▶ [WHAT YOU SHOULD DO]: Print everything in the records exactly. Leave the pictures out.

▶ [EXERCISE DATA]:
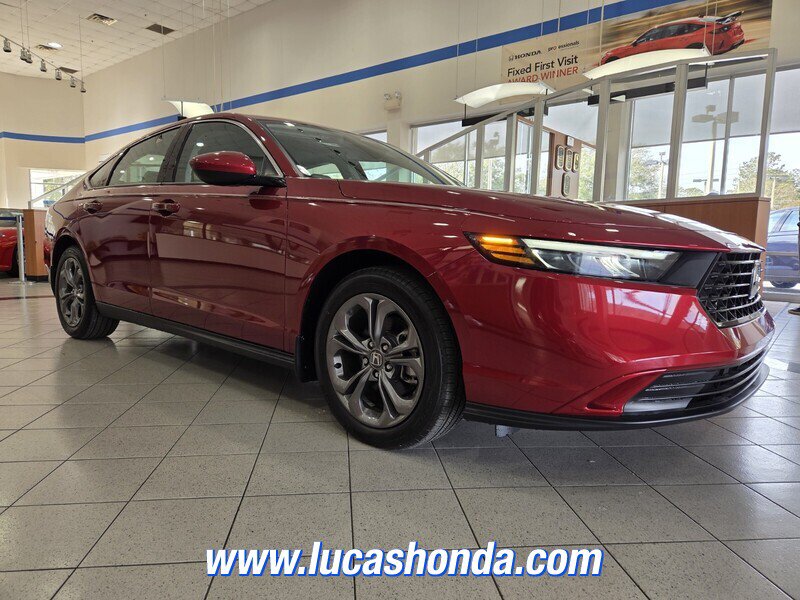 Used 2024 Honda Accord EX image 3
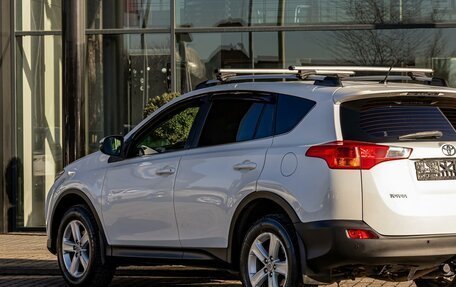 Toyota RAV4, 2015 год, 1 665 000 рублей, 9 фотография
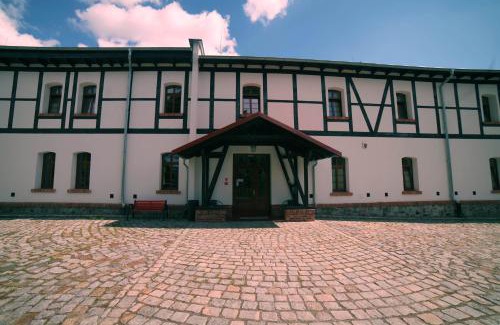 Pila Hotel | Noclegi Stara Wozownia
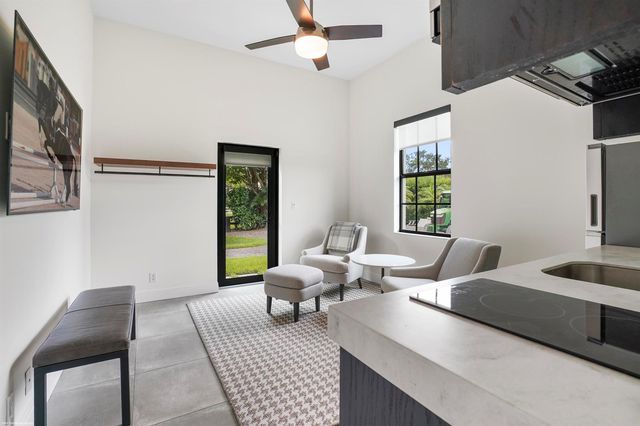 15590 SEA MIST Lane, Wellington, FL 33414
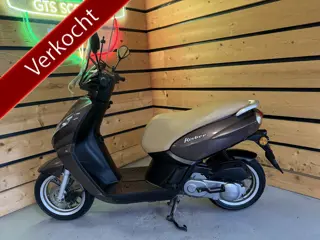 Peugeot Snorscooter Kisbee 4T (bj 2017, automaat)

▶ [EXERCISE ANSWER]:
 Used 2024 Honda Accord EX image 3
 Toyota RAV4, 2015 год, 1 665 000 рублей, 9 фотография
 Pila Hotel | Noclegi Stara Wozownia
 15590 SEA MIST Lane, Wellington, FL 33414
 Peugeot Snorscooter Kisbee 4T (bj 2017, automaat)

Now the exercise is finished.